We have added the GTF files from Ensembl's release-81 to Bioconductor (Bioc version 3.1 and 3.2). You can access them via AnnotationHub

> library(AnnotationHub)
> ah = AnnotationHub()
snapshotDate(): 2015-07-17

> gtf_hs_81 <- query(ah, c("ensembl","gtf", "81", "homo sapiens"))

> gtf_hs_81 # access data about the file
AnnotationHub with 1 record
# snapshotDate(): 2015-07-17
# names(): AH47963
# $dataprovider: Ensembl
# $species: Homo sapiens
# $rdataclass: GRanges
# $title: Homo_sapiens.GRCh38.81.gtf
# $description: Gene Annotation for Homo sapiens
# $taxonomyid: 9606
# $genome: GRCh38
# $sourcetype: GTF
# $sourceurl: ftp://ftp.ensembl.org/pub/release-81/gtf/homo_sapiens/Homo_sap...
# $sourcelastmodifieddate: 2015-07-07
# $sourcesize: 49757610
# $tags: GTF, ensembl, Gene, Transcript, Annotation
# retrieve record with 'object[["AH47963"]]'

> gr <- gtf_hs_81[["AH47963"]]   # download the file as an GRanges object.

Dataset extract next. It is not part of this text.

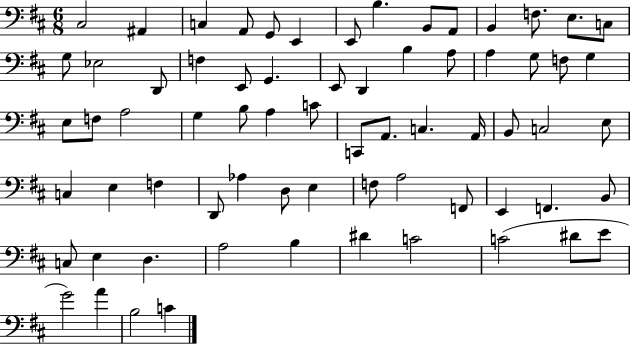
C#3/h A#2/q C3/q A2/e G2/e E2/q E2/e B3/q. B2/e A2/e B2/q F3/e. E3/e. C3/e G3/e Eb3/h D2/e F3/q E2/e G2/q. E2/e D2/q B3/q A3/e A3/q G3/e F3/e G3/q E3/e F3/e A3/h G3/q B3/e A3/q C4/e C2/e A2/e. C3/q. A2/s B2/e C3/h E3/e C3/q E3/q F3/q D2/e Ab3/q D3/e E3/q F3/e A3/h F2/e E2/q F2/q. B2/e C3/e E3/q D3/q. A3/h B3/q D#4/q C4/h C4/h D#4/e E4/e G4/h A4/q B3/h C4/q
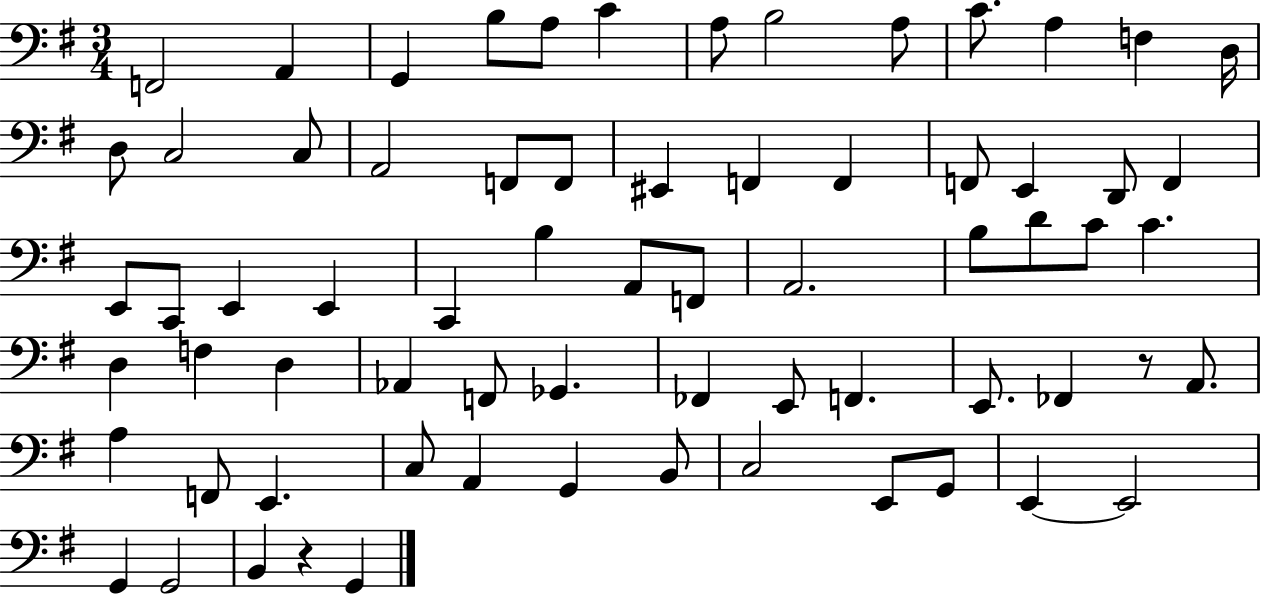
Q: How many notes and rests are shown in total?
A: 69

Optionally, create a transcript data base using GenomicFeatures

> txdb <- GenomicFeatures::makeTxDbFromGRanges(gr)
> txdb
TxDb object:
# Db type: TxDb
# Supporting package: GenomicFeatures
# Genome: GRCh38
# transcript_nrow: 216133
# exon_nrow: 733504
# cds_nrow: 293948
# Db created by: GenomicFeatures package from Bioconductor
# Creation time: 2015-07-17 12:23:57 -0700 (Fri, 17 Jul 2015)
# GenomicFeatures version at creation time: 1.21.13
# RSQLite version at creation time: 1.0.0
# DBSCHEMAVERSION: 1.1

 

Best,

Sonali.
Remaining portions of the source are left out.